Conferência JN

Plano de investimentos na ferrovia é "manta de retalhos", acusa o empresário Henrique Neto

Plano de investimentos na ferrovia é "manta de retalhos", acusa o empresário Henrique Neto

Henrique Neto, empresário e ex-deputado socialista, acusa o Governo de ser "imaturo" e "impreparado". E aponta várias falhas aos investimentos anunciados para a ferrovia, nomeadamente à prometida linha de alta velocidade que ligará Lisboa ao Porto.
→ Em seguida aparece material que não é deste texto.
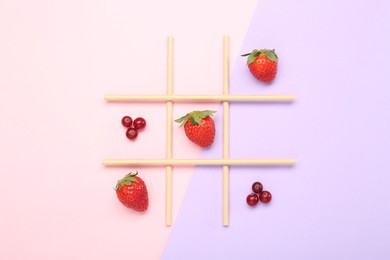Photo of Tic tac toe game made with berries on color background, top view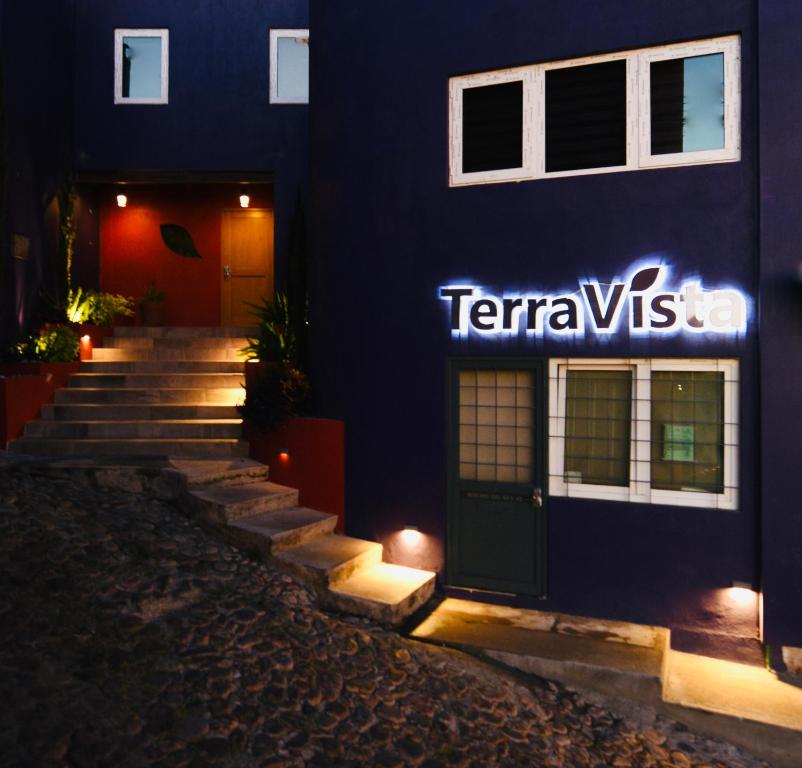 a blue building with a sign on the side of it at Terra Vista in Guanajuato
Os investimentos anunciados pelo Governo, esta semana, para a ferrovia portuguesa, no âmbito do Plano de Investimentos 2030, estão a merecer críticas do empresário Henrique Neto, que acusa o Executivo de António Costa de ter apresentado um plano que é "uma manta de retalhos". "Depois de anos a afirmar que a bitola [distância entre carris] UIC, vulgo europeia, não era necessária, porque havia tecnologia que ia substituir uma ligação à Europa - o que sempre desmentimos -, [o Governo] afirma que num futuro próximo, não definido, mudará para a bitola UIC", começou por enquadrar Henrique Neto, que participou, esta sexta-feira de manhã, na conferência JN "Aveiro no Centro da reposta à pandemia", que decorre no Centro de Congressos de Aveiro.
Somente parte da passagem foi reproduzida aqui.